■ Assignment
Output nothing but the lines from the beginning of the listing below through the line containing "Body, stretching and", exactly as they stand, without pictures.

━━━━━━━━━━

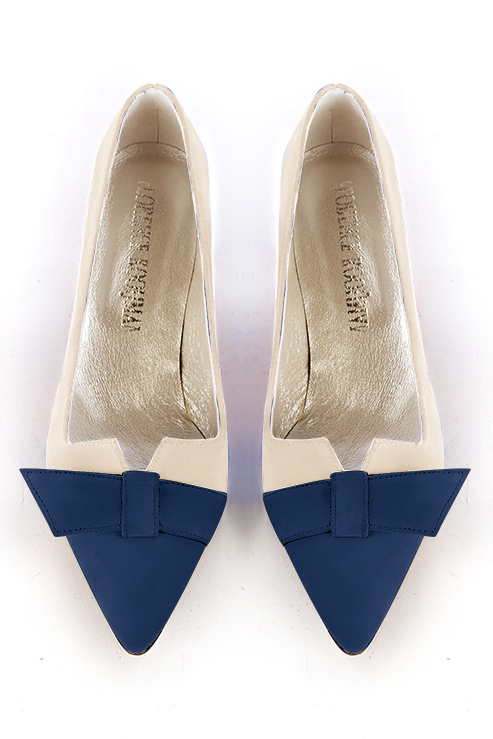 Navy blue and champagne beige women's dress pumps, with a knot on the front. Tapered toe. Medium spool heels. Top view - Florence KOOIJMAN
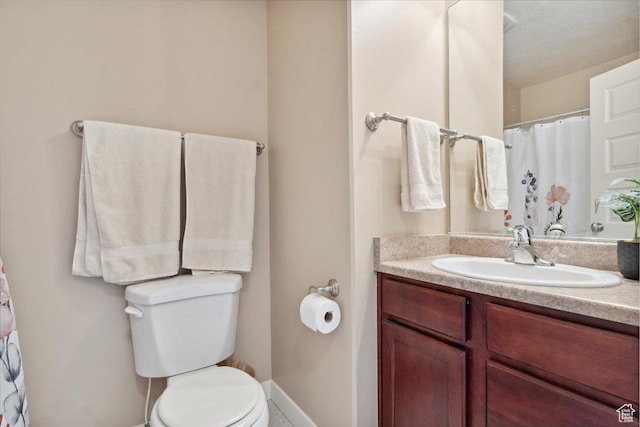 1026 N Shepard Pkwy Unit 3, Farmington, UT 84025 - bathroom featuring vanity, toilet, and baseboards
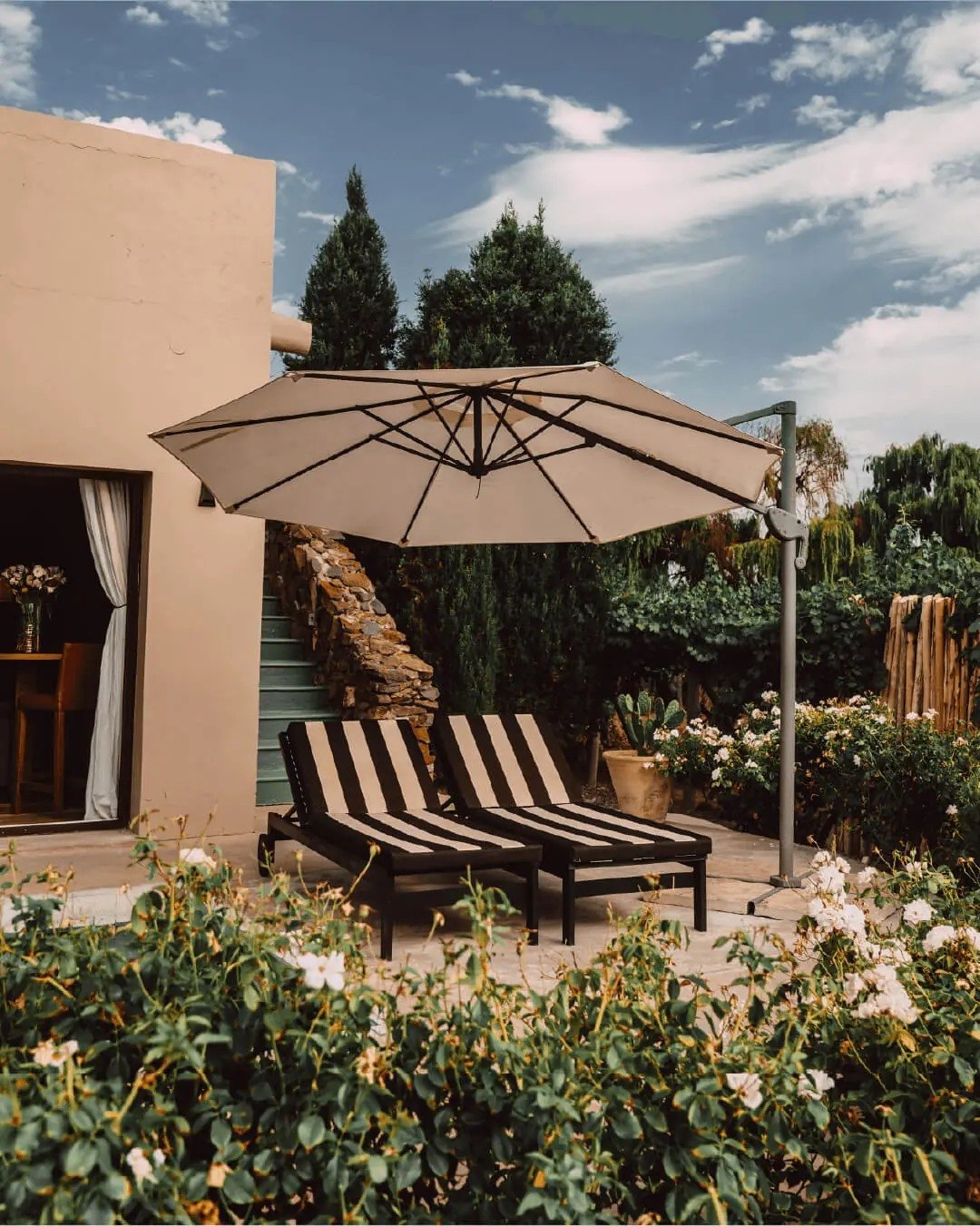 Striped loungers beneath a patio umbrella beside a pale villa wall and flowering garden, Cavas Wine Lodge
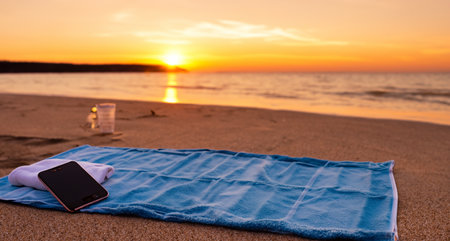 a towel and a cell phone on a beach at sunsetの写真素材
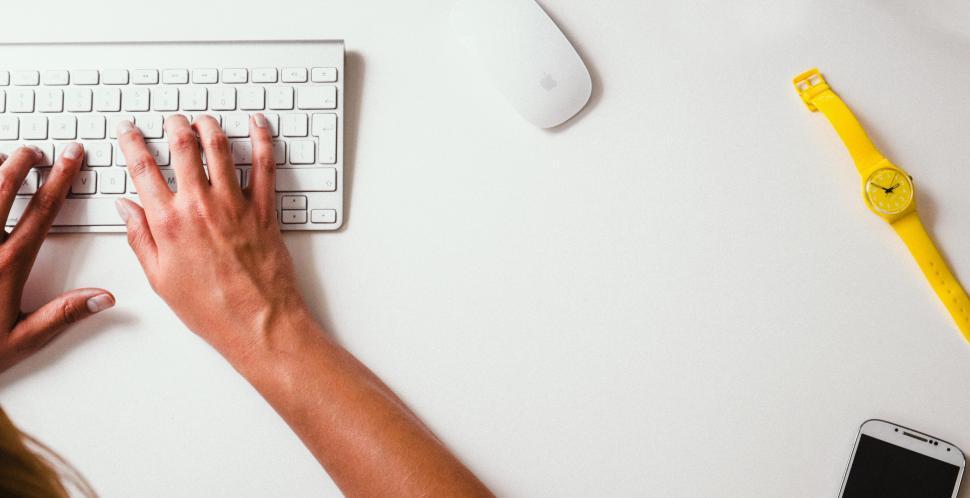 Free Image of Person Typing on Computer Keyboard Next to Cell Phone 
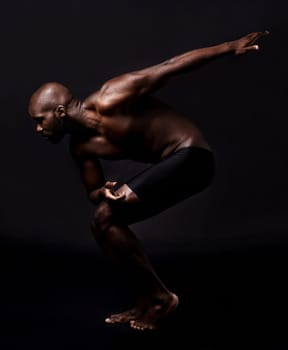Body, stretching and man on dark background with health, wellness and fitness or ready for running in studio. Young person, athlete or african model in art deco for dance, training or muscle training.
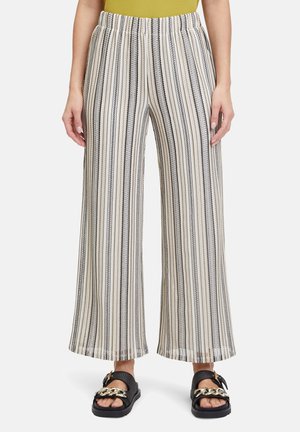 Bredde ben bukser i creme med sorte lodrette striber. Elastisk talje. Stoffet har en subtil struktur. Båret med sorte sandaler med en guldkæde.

━━━━━━━━━━

■ Expected answer
 Navy blue and champagne beige women's dress pumps, with a knot on the front. Tapered toe. Medium spool heels. Top view - Florence KOOIJMAN
 1026 N Shepard Pkwy Unit 3, Farmington, UT 84025 - bathroom featuring vanity, toilet, and baseboards
 Striped loungers beneath a patio umbrella beside a pale villa wall and flowering garden, Cavas Wine Lodge
 a towel and a cell phone on a beach at sunsetの写真素材
 Free Image of Person Typing on Computer Keyboard Next to Cell Phone 
Body, stretching and man on dark background with health, wellness and fitness or ready for running in studio. Young person, athlete or african model in art deco for dance, training or muscle training.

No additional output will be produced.